Vous venez d’être élu à la Chambre des députés au Luxembourg. Quel est le sens de votre candidature?
«Personnellement, j’étais dans l’optique de m’inscrire dans le passage politique local. J’étais candidat aux législatives comme tête de liste au nord du pays. Puis j’ai été membre de l’équipe de négociation pour l’accord de coalition et j’étais pressenti pour devenir ministre. Je ne savais pas que, quelques semaines après avoir accepté mon mandat de député, le formateur et depuis Premier ministre allait me demander d’être le prochain commissaire luxembourgeois. Une offre qui ne se refuse pas. Représenter le Luxembourg serait pour moi un grand honneur.

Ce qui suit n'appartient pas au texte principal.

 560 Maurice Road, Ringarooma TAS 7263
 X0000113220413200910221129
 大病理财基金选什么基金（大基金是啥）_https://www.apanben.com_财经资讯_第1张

Mais quand on vise un poste comme celui-là, il faut aller chercher sa légitimité à travers les élections.
Pensez-vous que tous les commissaires européens devraient d’abord être des élus au Parlement européen?
«Ce serait l’idéal. On sait que le citoyen veut choisir ses représentants. C’est pour cela que je suis un fervent défenseur du système des têtes de liste. Ce n’est malheureusement pas inscrit dans les traités et les États n’y sont pas en faveur et préfèrent garder le pouvoir de choisir le président de la commission.
Préférez-vous siéger à Bruxelles et Strasbourg ou au Luxembourg?
«D’un point de vue vie privée, le Luxembourg est plus confortable. Mais une grande partie du travail législatif ici consiste à transposer la législation européenne. Si on veut peser sur les choses, il vaut mieux siéger au Parlement européen. Parlement européen où on n’est pas dans une logique d’affrontement entre majorité et opposition et où, sur tous les dossiers, il faut bâtir des alliances avec les bons arguments.
Avec le Qatargate, le Parlement et les députés européens ont-ils perdu leur crédibilité?
«La large majorité des députés sont des gens honnêtes qui font bien leur travail et ils subissent les contrecoups de ce scandale. Avec les nouvelles obligations de transparence, la charge administrative est devenue énorme. Et tellement complexe que l’on n’est pas à l’abri d’un oubli ou même d’une mauvaise interprétation des textes. Cela ne rend pas la vie et le travail des députés honnêtes plus faciles. Bien au contraire. Et est-ce que toutes ces mesures de transparence vont être efficaces? Qu’est-ce qui empêche les lobbyistes de rencontrer les députés ailleurs qu’au Parlement?…
Ensuite, dans le respect des règles, je pars du principe qu’il faut rencontrer le plus de monde possible pour avoir l’image la plus globale possible de la problématique et trouver les solutions qui fonctionnent ensuite pour tout le monde. Certains députés ont renoncé à faire cela pour éviter de se voir reprocher d’avoir reçu untel ou untel. Cela nuit au bon fonctionnement de l’institution.
Ce qui est dommage, c’est que le travail de colégislateur du Parlement est totalement éclipsé par cette affaire. Et c’est frustrant pour les députés qui sont sollicités pour parler de transparence et jamais de leur bilan.